Recorded data |
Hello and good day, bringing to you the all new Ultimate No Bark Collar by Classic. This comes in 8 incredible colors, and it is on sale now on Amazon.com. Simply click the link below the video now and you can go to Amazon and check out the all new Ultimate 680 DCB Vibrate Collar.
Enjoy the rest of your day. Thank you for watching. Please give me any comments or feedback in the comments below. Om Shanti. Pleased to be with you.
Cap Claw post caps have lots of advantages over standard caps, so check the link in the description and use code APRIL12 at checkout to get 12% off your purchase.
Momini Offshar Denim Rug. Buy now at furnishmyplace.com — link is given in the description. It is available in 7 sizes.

...

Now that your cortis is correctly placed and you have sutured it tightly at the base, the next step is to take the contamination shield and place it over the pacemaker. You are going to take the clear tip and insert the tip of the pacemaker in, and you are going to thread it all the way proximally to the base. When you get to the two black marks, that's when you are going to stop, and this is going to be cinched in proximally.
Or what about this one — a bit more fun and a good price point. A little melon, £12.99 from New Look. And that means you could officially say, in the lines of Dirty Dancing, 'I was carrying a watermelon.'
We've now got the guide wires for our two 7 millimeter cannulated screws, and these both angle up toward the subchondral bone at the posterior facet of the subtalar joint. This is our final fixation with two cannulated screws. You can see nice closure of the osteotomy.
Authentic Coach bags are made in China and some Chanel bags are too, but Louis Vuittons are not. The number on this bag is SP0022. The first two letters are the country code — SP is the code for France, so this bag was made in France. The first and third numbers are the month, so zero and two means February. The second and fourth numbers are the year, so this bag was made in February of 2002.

--

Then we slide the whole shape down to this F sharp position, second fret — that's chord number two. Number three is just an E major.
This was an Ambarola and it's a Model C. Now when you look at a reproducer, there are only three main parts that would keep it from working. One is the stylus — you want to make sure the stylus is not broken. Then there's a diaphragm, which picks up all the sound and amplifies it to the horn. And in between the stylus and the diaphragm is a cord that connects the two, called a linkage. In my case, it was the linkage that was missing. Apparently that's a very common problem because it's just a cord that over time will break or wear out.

What is expected |
Using the data above, extract exactly the lines from the one that holds "Hello and good" to the one that holds "Enjoy the rest", both ends included, and no others.

Your solution |
Hello and good day, bringing to you the all new Ultimate No Bark Collar by Classic. This comes in 8 incredible colors, and it is on sale now on Amazon.com. Simply click the link below the video now and you can go to Amazon and check out the all new Ultimate 680 DCB Vibrate Collar.
Enjoy the rest of your day. Thank you for watching. Please give me any comments or feedback in the comments below. Om Shanti. Pleased to be with you.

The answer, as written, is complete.